TL;DR
Blockchain.com filed a confidential S-1 with the SEC on May 21, kicking off the formal US IPO process. The company has 95 million wallets, over 43 million verified users, and has processed more than $1.1 trillion in crypto transactions. Token Metrics technicals on Bitcoin read bearish right now. That backdrop matters for any crypto company heading toward a public debut.
Context
Blockchain.com was founded in 2011. It is one of the oldest companies in crypto. For most of its life it stayed private, growing quietly while exchanges and custodians grabbed headlines.
That changed this year. The company confidentially submitted a draft S-1 to the SEC for a proposed offering of Class A ordinary shares. A confidential filing lets a company start the IPO process and get feedback from regulators before it has to show the public its financials. Pricing and share count are not set yet.
The company has been building momentum heading into this moment.
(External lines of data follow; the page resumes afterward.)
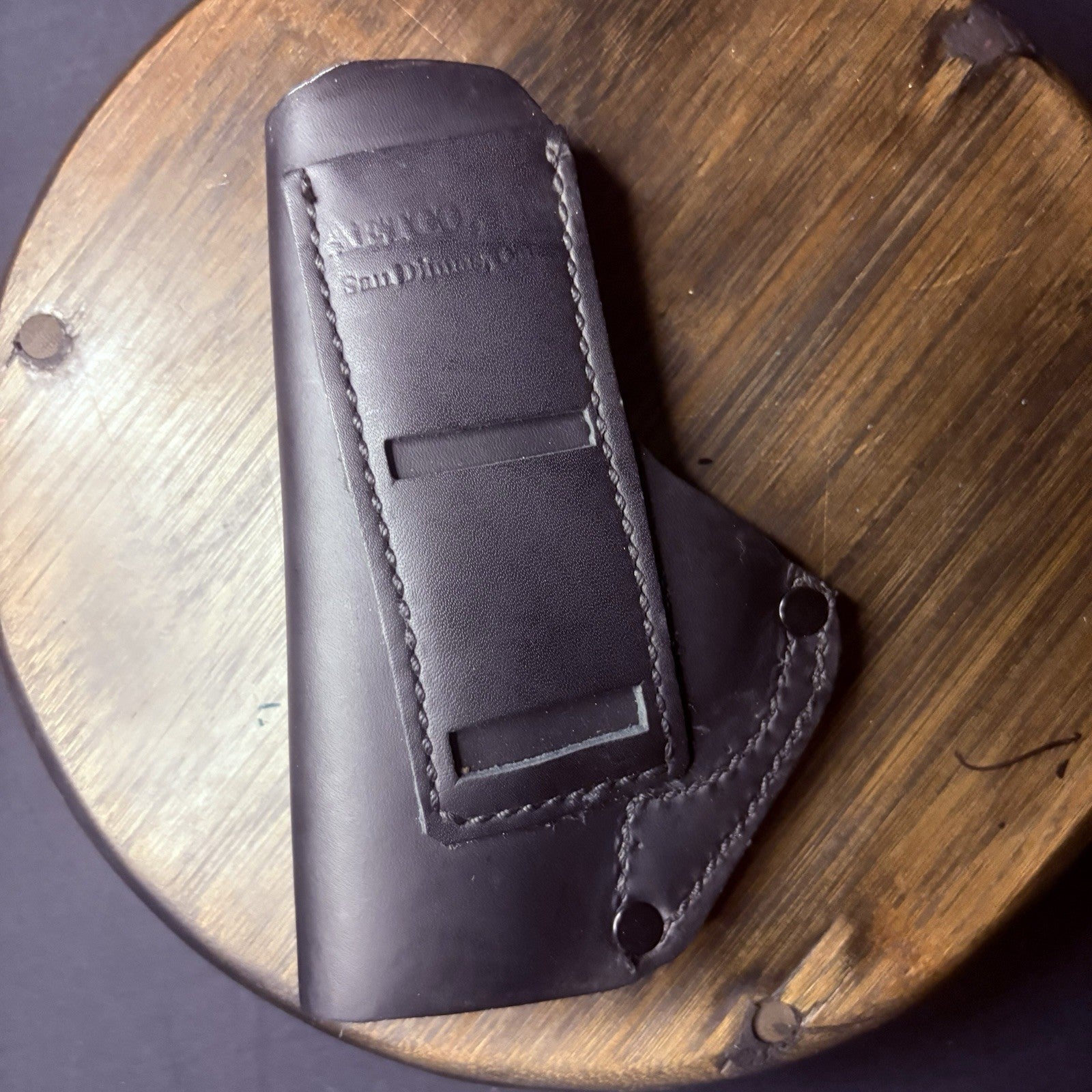 Aetco Concealment Holster Leather RH&LH IWB Universal Holster5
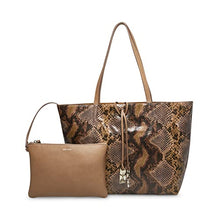 Load image into Gallery viewer, Anne Klein East West Bonded Tote, Snake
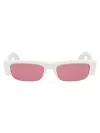 Alexander Mcqueen Alexander Mc Queen Sunglasses Am0404 S 005 In White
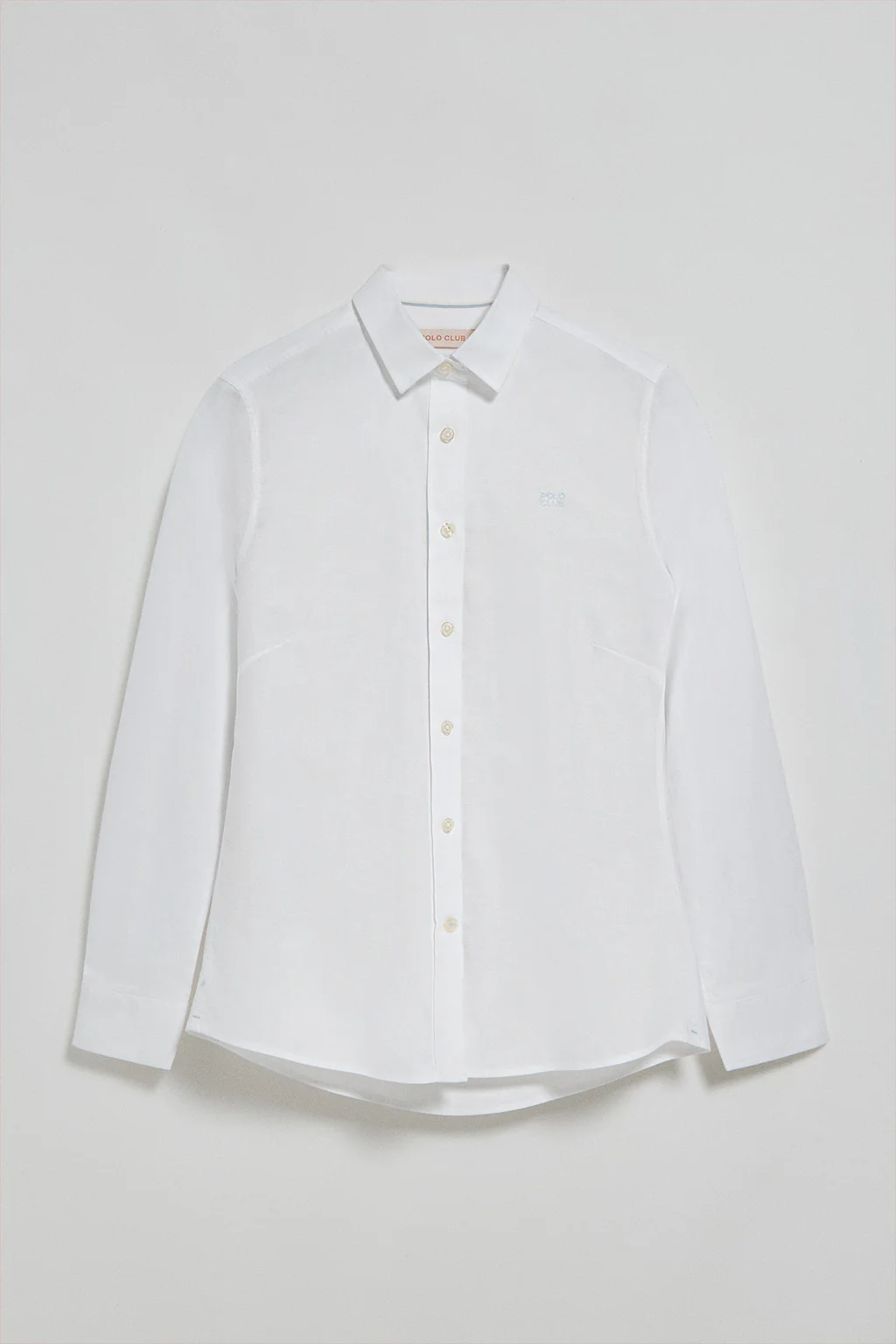 Camisa regular fit blanca con bordado Polo Club - Image 8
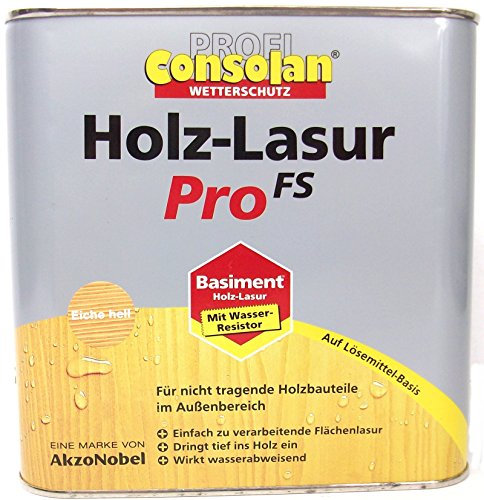 Consolan Holz Lasur Pro FS, 5 Liter in Nussbaum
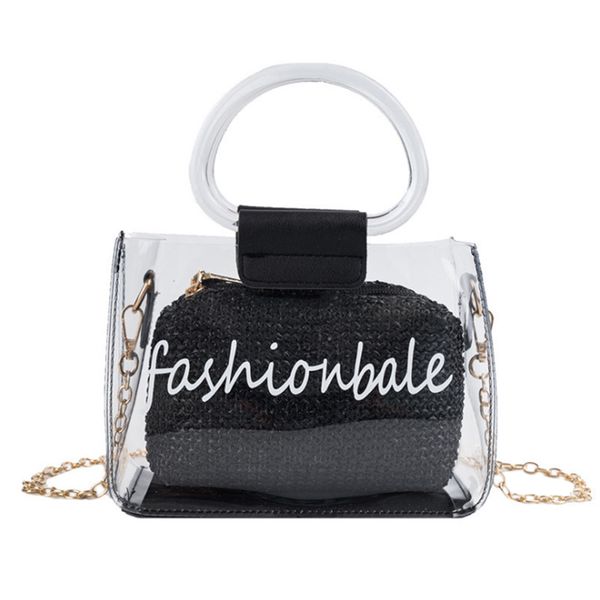 straw weaving letter print transparent bag for women chain summer beach bag lady ring handle shoulder mini handbag black
straw weaving letter print transparent bag for women chain summer beach bag lady ring handle shoulder mini handbag black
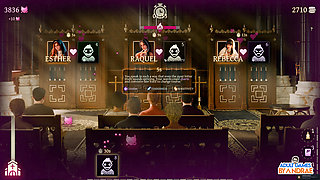 Sisters in Sin Gameplay Part 12 - Lust Performs the Sexual Ritual with Esther in the Library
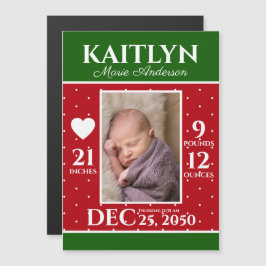 Nyfödda stater i modern julafton magnetisk inbjudningskort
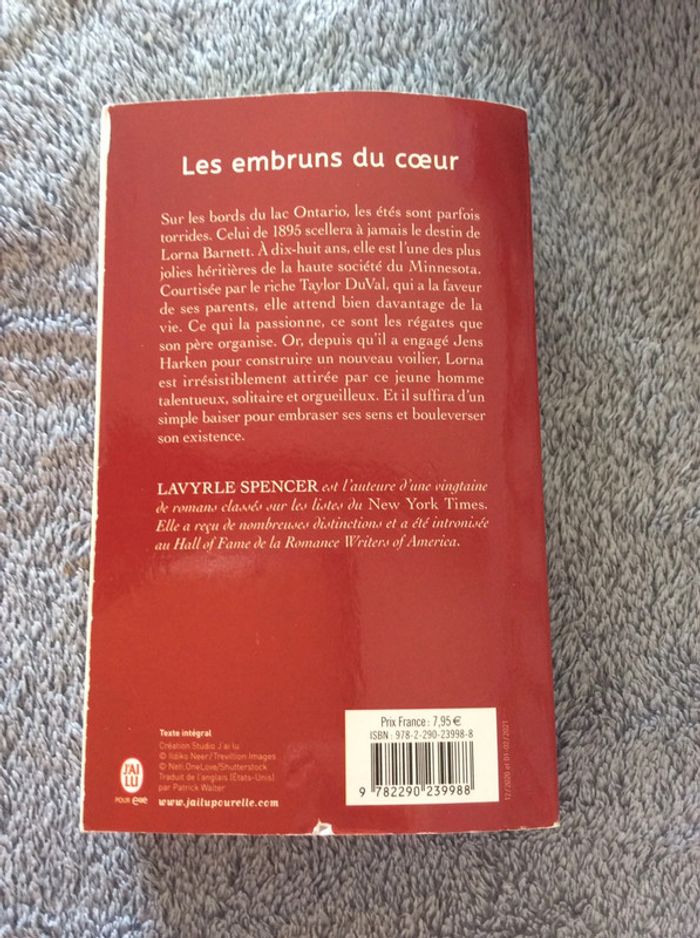 #les embruns du cœur Lavyrle Spencer. )s - photo numéro 2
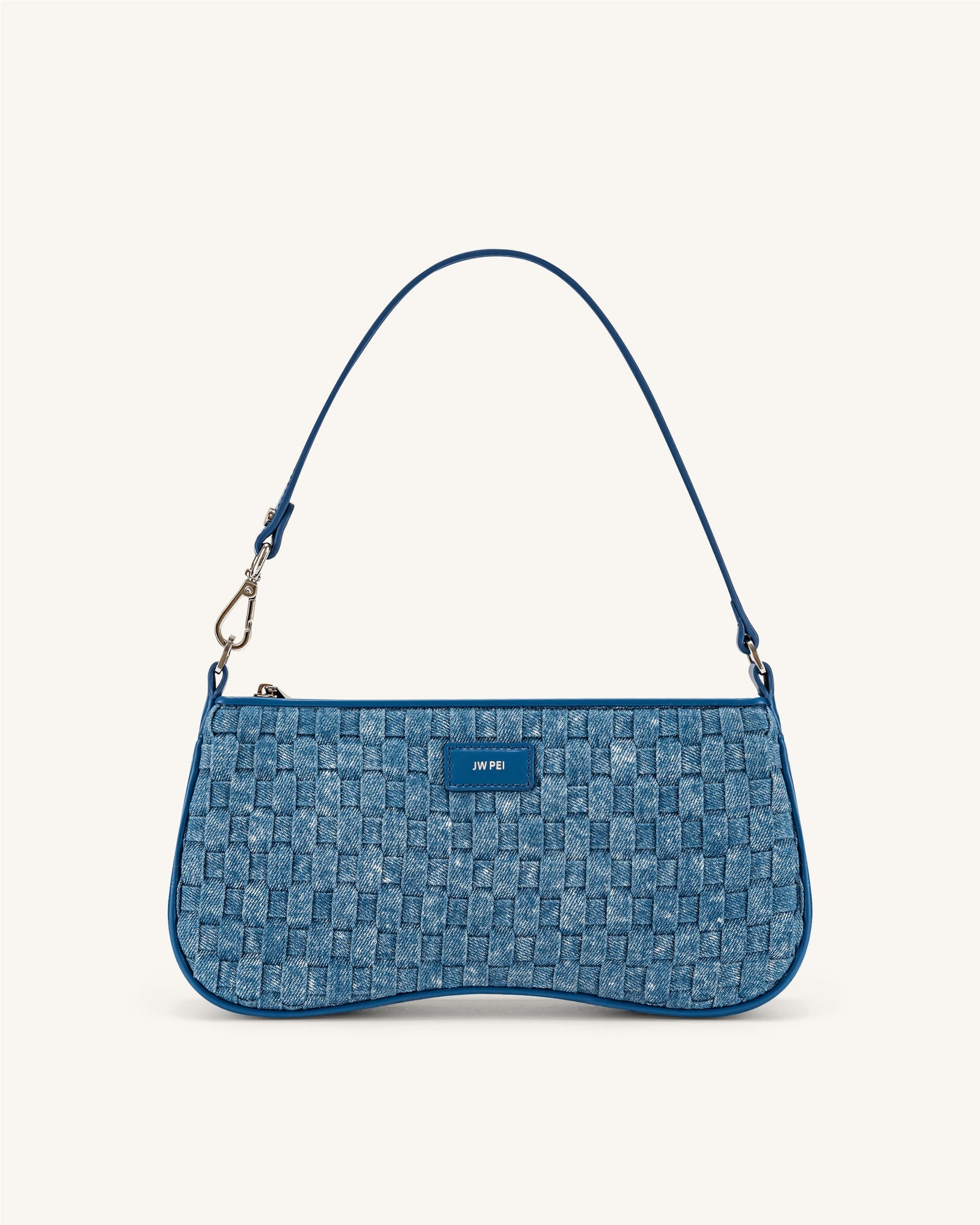 Eva Shoulder Handbag - Beige Canvas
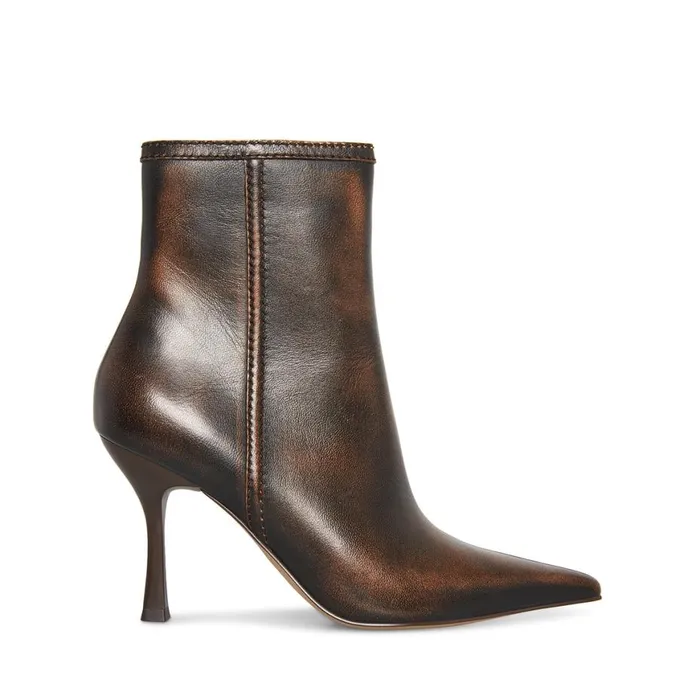 Steve Madden Brecken Brown Distressed Womens Boots and Booties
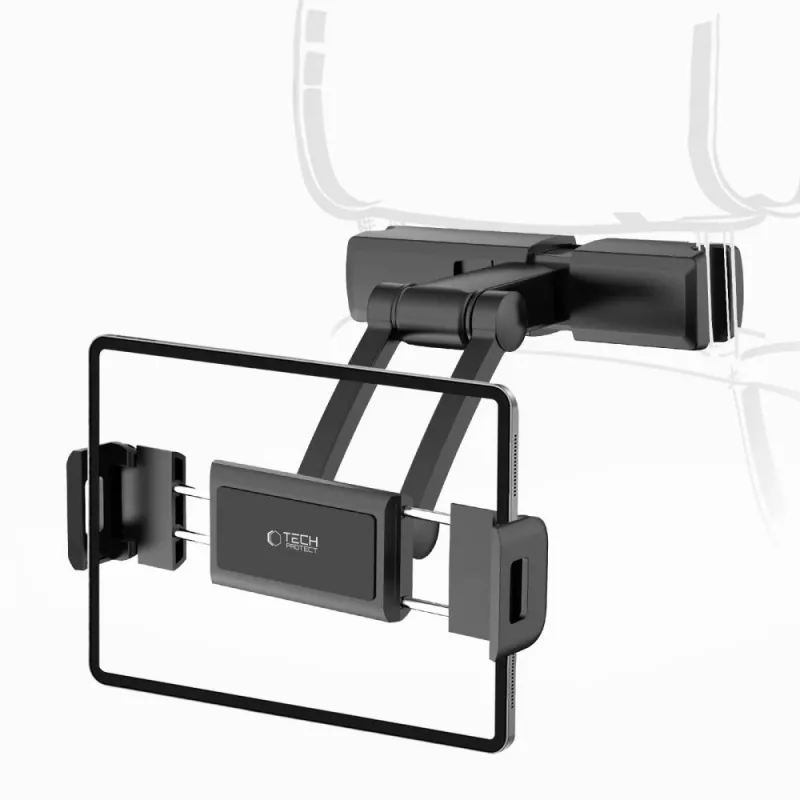 TECH-PROTECT V2 Soporte de coche para reposacabezas extensible para tablet Negro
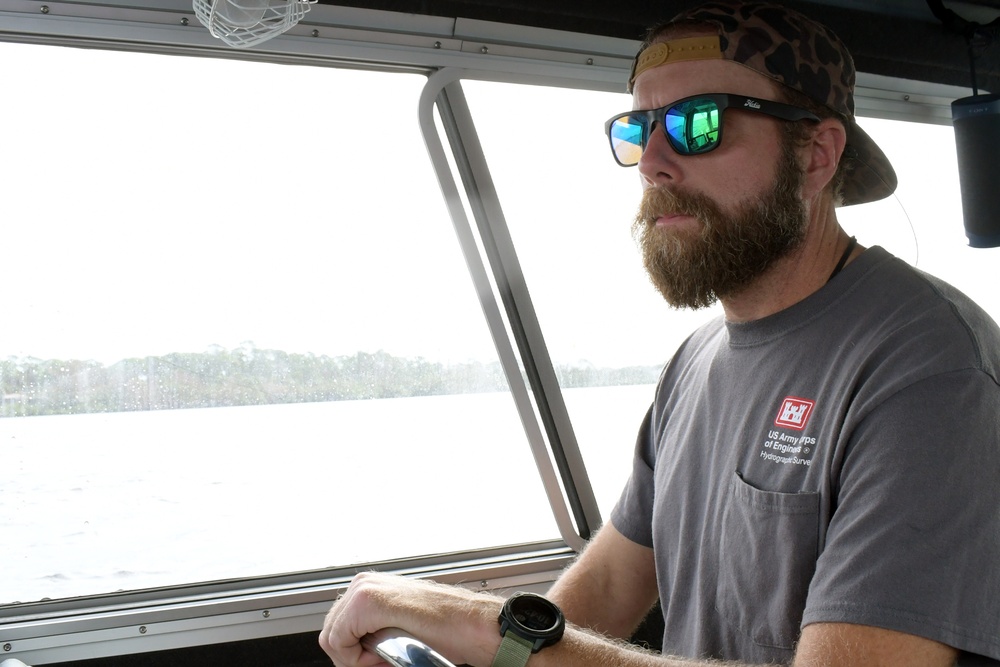 USACE Survey Vessels deployed in Hurricane Milton Response to Tampa Harbor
Earlier in 2026 it pushed deeper into African markets after seeing strong trading growth in Nigeria and Ghana. It also launched perpetual futures trading through its self-custodial wallet via the Hyperliquid protocol. Those moves suggest a company trying to show growth across multiple product lines before asking public investors to price it.
Blockchain.com offers both consumer and institutional products. Consumer users get a wallet and trading access. Institutional clients get a separate suite of services. That two-sided model is part of what makes the IPO story interesting. It is not just a retail app. It is not just a B2B business. It is both.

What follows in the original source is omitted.